In 2003 the journal Climate Research let through a bad piece of science that challenged the “hockey stick.” That bad science made it’s way into an EPA document because it favored the administrations view. Clearly this was wrong. And Von Storch took the right action. And now, with the evidence that bad science has made its way into the IPCC report, its time for the responsible parties to follow the fine example of Von Storch.
The 11th mail which mentions Pachauri is important for understanding the events leading up to Phil Jones’ refusal to give data to Warwick Hughes, but it’s relation to Pachauri is tangential, except for the hint it contains about the kind of rhetoric Pachauri would use to further his cause, an early clue into his character. Buried in a series of editorials about Michael Mann forward by Briffa to Jones, we find the following 2005 gem from Steven Hayward of the American Enterprise Institute:
“Not long ago the IPCC’s chairman, Dr. Rajendra Pachauri, compared
eco-skeptic Bjorn Lomborg to Hitler. “What is the difference between Lomborg’s view of humanity and Hitler’s?” Pachauri asked in a Danish newspaper. “If you were to accept Lomborg’s way of thinking, then maybe what Hitler did was the right thing” Lomborg’s sin was merely to follow the consensus practice of economists in applying a discount to present costs for future benefits, and comparing the range of outcomes with other world problems alongside climate change. It is hard to judge what is worse: Pachauri’s appalling judgment in resorting to reductio ad Hitlerum, or his abysmal ignorance of basic economics. In either case, it is hard to have much confidence in the policy advice the IPCC might have.”
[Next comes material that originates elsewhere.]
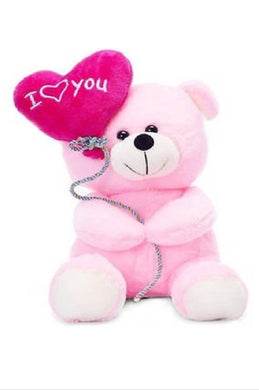 I Love You Heart Teddy Bear Soft Toy For valentine day gift [20cm] Pink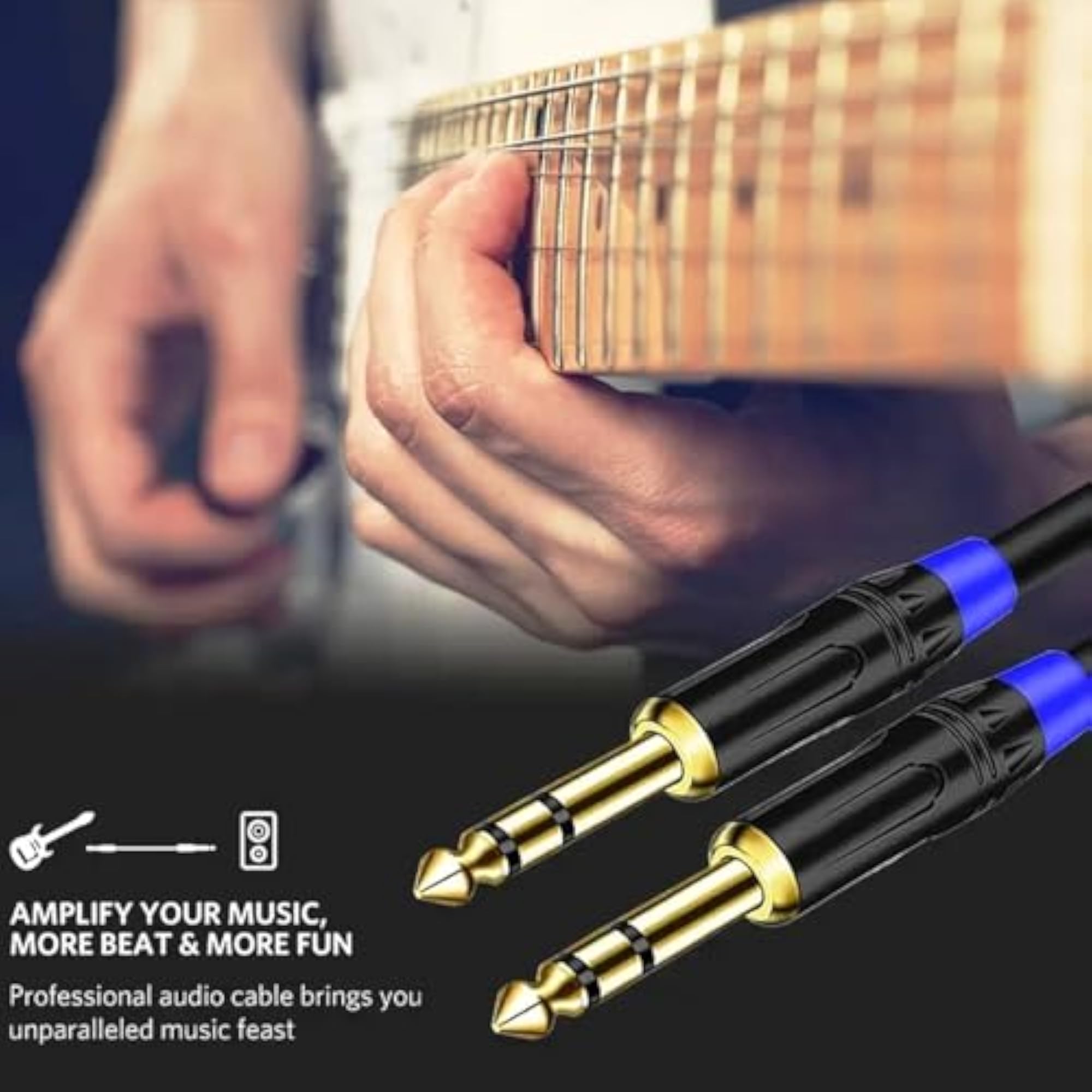 1/4 inch TRS Audio Cable 10 FT for Instruments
Looking at the Pachauri mails in the Climategate files doesn’t provide any new examples of wrong doing. We don’t need any. What it does do is give a sense of how the men who hacked the climate science operated. How they reasoned, how they strategized and what they viewed as threats and opportunities. If we want to improve the science in climate science and build a trusted system, we need to understand the “black hats.”
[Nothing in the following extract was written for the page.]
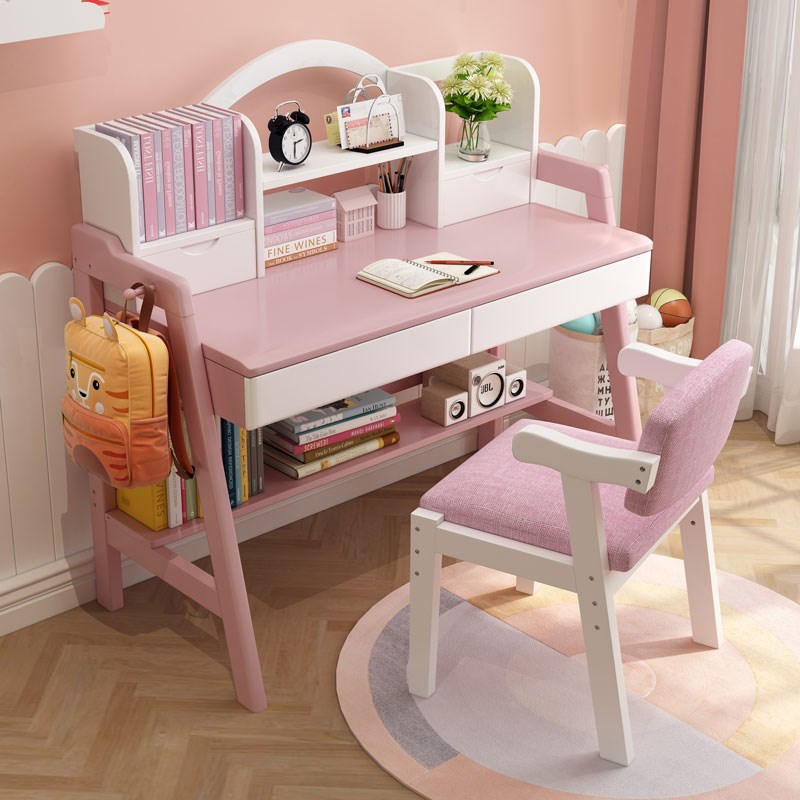 书桌儿童学习桌全实木初中小学生卧室男女孩家用写字课桌椅子套装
Building a trusted system for climate science
With the IPCC’s reputation in tatters, it’s hard to avoid the conclusion of Pachauri’s man at CRU, Hulme. Perhaps the IPCC has run its course. If trust is to be rebuilt in climate science it must start from the bottom up, with the fundamental data and code of climate science. The IPCC process will always be hackable, and so to will the climate science journals. Cleaning up the mess must start at the foundation of science with open access to the data and the code used in climate science.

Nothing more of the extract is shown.